Luis Moreno

Personal information
- Date of birth: 19 March 1981 (age 44)
- Place of birth: Panama City, Panama
- Height: 1.84 m (6 ft 1⁄2 in)
- Position(s): Right back; centre back;

Team information
- Current team: Tauro
- Number: 3

Senior career*
- Years: Team / Apps / (Gls)
- 2000–2001: Deportivo Italia / 0 / (0)
- 2001–2004: Tauro
- 2005–2006: Envigado / 43 / (2)
- 2006–2007: Tauro
- 2007: Independiente SF / 15 / (0)
- 2007: Tiburones Rojos
- 2008–2010: Tauro / 51 / (5)
- 2011: Deportivo Pereira / 8 / (0)
- 2011–2012: Tauro

International career^{‡}
- 2001–2011: Panama / 76 / (0)

= Luis Moreno (footballer) =

Panamanian footballer (born 1981)

Luis Moreno (born 19 March 1981) is a Panamanian football defender who last played for Tauro.

He gained notoriety after violently kicking an injured barn owl that had landed on the pitch during a league match between Junior de Barranquilla and Deportivo Pereira. The barn owl died due to the kick.

==Club career==
Born in Panama City, "Lucho" Moreno began playing football with Venezuelan side Deportivo Italia. He was signed by first division club Tauro in 2001. He had a brief spell with Colombian side Envigado during 2005 and 2006, before returning to Tauro. Peruvian side Universitario de Deportes attempted to sign him in 2006, but he stayed with Tauro.

In January 2007, Moreno returned to the Colombian league, joining Independiente Santa Fe. The club terminated his contract in May 2007, after a disciplinary incident. He returned to Tauro, but shortly after joined Mexican Primera División A side Tiburones Rojos.

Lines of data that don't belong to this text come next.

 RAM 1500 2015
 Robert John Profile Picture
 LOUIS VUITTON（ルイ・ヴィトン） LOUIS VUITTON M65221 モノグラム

Moreno was loaned to Deportivo Pereira in January 2011, but returned to Tauro later that year, where he would help the club win its tenth league title in 2013.

==International career==
Moreno made his debut for Panama in a June 2000 friendly match against Venezuela and has earned a total of 76 caps, scoring no goals. He represented his country in 17 FIFA World Cup qualification matches and has been a key member of the side, participating in the 2005, 2007 and 2009 CONCACAF Gold Cup finals.

His final international was a September 2011 friendly match against Paraguay.

==Honours==
Panama

- CONCACAF Gold Cup runner-up: 2005

Individual
- CONCACAF Gold Cup All-Tournament Team: 2009

==Owl kicking incident==
During a February 2011 league match between Junior de Barranquilla and Deportivo Pereira, Junior's unofficial mascot owl landed on the field during play and was struck by a pass. As the owl lay stunned on the field, Moreno, from the opposing team, kicked it approximately 3 meters (~10 feet) to the touchline. Shortly after, he claimed he was prompting it to fly away but in a later interview he admitted "The kick was a product of tension on the field at the time." The owl was treated for its injuries at a local veterinary clinic, but later died of stress related to the incident. Moreno received a two-match ban, a $560 fine from Colombian football's governing body in addition to veterinary costs for the owl's treatment and was ordered to do community service at a zoo.